The eldest son happily led nine elephants away (half of the bunch). The middle son took six. The youngest one noted that two is one-ninth of the total, and took his two. The princes together had 9+6+2 = 17 elephants, and the chief minister took his own elephant back to its stable, and they all lived happily ever after.
I like this story a lot. (My 8-year old does also.) I’ve brought it up in classes several times, since it highlights a common approach to solving physics problems, of inserting some sort of assumption or framework that makes the problem easier, and then removing it afterwards. For example, in my Physics of Solar and Renewable Energy Class, we figure out how wind power scales with wind speed, imagining wind as traveling in little cubes, finding that the answer doesn’t depend on the size of the cubes, and then sending the cubes back to their stables.
Perhaps more relevant for today, the high school students liked the story a lot as well, and we continued to chat about a variety of things.
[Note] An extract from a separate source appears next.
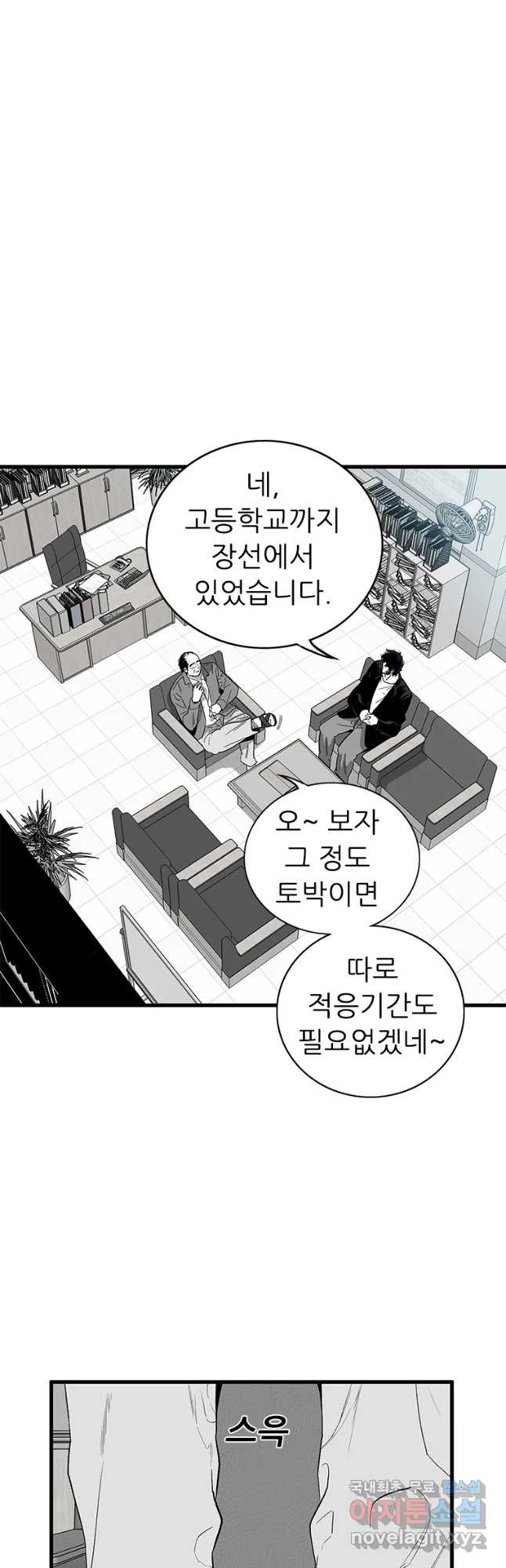 살어리랏다 시즌2 11화 - 웹툰 이미지 36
Often, I think, I over-prepare activities, and would perhaps be better off (and less exhausted) sitting and telling stories…
We used the Indian folk story of 18th Elephant during 1981-86 to support our Development Journalism Experiment of Udayavani Kannada Daily
(Karnataka-India) to find out the impact of daily newspaper writings on the people in villages to get involved in the Development Activities in their villages.
We recorded every aspect of it regularly in our daily with news reports and features to find out impact & results of implementing Govt planned programs with peoples participation and regular support of Newspaper in the process.
The process and findings of the experiment was sincerely collected with personal visits to these villages-to give coverage to their activities – published in Udayavani Daily regularly. Later, a book in English titled ” The Eighteenth Elephant” in 1990 – written by Dr. Ishwar Daitota (trained in Journalism in Univesity of Mysore-PFA of Manila Philippines and a practicing Journalist) with Dr. B.P. Sanjay – well known Teacher of Journalism from Madras.
It was pubished by Udayavani Kannada Daily of Manipal ,Karnataka of which Mr. T. Mohandas Pai was the M.D.
That is great — thank you for sharing this!